3. Verification (optional). In some cases, for example when digitizing books, verification of the recognition results might be necessary. Verification Stations allow operators to check all documents or only documents below a certain accuracy threshold.

4. Document separation (optional). When the batch scanning or import is performed, a document separation may be required. The documents can be separated using blank separator sheets, barcodes or by fixed number of pages per document. Separation can also be done according to a scripted rule.

5. Classification and indexing (optional). Indexing of documents can be done either automatically by a script, or by an operator on the Indexing Station, which allows the operator to manually select the document type and assign document attributes. The operator can also verify the data that has been populated by the script.
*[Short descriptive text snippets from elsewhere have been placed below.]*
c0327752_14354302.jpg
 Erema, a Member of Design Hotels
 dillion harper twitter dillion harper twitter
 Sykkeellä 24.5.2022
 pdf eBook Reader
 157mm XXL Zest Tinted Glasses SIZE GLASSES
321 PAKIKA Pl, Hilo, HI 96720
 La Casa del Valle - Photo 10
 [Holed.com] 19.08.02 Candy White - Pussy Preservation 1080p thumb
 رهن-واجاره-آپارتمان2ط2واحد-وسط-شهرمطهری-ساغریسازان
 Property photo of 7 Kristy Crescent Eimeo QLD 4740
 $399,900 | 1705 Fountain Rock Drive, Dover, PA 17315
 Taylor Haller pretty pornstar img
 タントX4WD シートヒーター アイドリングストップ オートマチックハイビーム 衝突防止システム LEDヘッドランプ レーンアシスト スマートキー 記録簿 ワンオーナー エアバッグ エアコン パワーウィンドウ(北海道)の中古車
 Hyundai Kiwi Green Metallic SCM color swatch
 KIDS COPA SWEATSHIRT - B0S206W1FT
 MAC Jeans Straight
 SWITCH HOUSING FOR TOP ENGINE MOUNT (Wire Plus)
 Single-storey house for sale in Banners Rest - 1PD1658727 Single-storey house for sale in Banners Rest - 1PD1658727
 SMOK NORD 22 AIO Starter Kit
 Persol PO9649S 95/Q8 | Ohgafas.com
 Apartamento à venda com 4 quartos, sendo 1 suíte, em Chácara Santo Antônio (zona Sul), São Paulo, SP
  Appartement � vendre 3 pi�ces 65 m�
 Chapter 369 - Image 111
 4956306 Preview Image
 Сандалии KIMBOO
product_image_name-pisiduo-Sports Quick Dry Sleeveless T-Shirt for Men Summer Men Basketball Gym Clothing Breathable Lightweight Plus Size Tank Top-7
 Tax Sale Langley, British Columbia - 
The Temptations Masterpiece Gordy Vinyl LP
6. Export. In the final stage, ABBYY Recognition Server delivers the output documents to their destination (which can be a network folder, a SharePoint document library, or an e-mail address). Additionally, scripts can be applied for intelligent routing and delivery of documents to ECM systems based on document types and attributes.

Recognition Server is administered via a convenient interface based on the Microsoft Management Console. It allows the administrator to configure the system and monitor its activity: to set processing parameters, to manage licenses, stations, user permissions, processing queues and to view logs.

With the priority management and scheduling features, the administrator can control the order in which the documents are processed and use the stations’ hardware resources efficiently by scheduling OCR for night hours or weekends.

Benefits

Increase your business competitiveness
This high-performance & highly scalable technology helps you to fasten decision making processes, provide instant and efficient services to your clients and attract new customers and businesses.

Enjoy the new level of Arabic recognition
ABBYY Recognition Server provides fast document capture with 99%* accuracy for 190 languages including Arabic, which is an unprecedented success in OCR technologies.

Reduce cost of your business processes
Digitization of your workflow and archive allows you to reduce costs on paper, hard copy storage, manual entry and processing, consequently you save money and man-hours.

Easily set and forget
ABBYY Recognition server has intuitive User Interface, providing quick simple setup and implementation, including ready-to-use Demo-projects, no training needed, and fast technical support.

Get fast ROI
Flexible system of licensing of ABBYY technologies, its high level of scalability and 24/7 automated performance allows you to get fast ROI.

ABBYY technology seamlessly integrates with your existing environment
ABBYY Recognition Server has an inherent mechanism to integrate with Microsoft SharePoint and thanks to open API you can also smoothly integrate it into other existing workflow systems with no additional expenses or efforts.